◆ SUPPLIED INFORMATION ◆

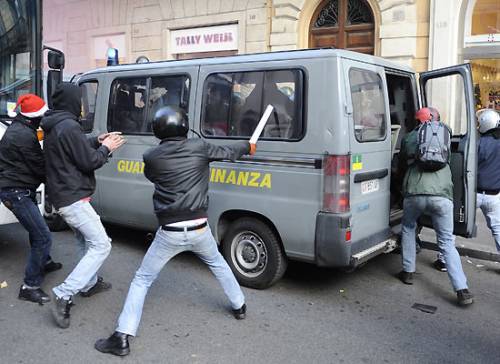 Scontri alla Mondadori  
Intolleranza dei Black bloc 
verso un libro di destra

◆ PROBLEM REQUIREMENTS ◆
Word for word, restate the line that contains "Intolleranza dei Black bloc" and each line after it, up to and including the last line of the listing; include nothing else.

◆ TASK RESULT ◆
Intolleranza dei Black bloc 
verso un libro di destra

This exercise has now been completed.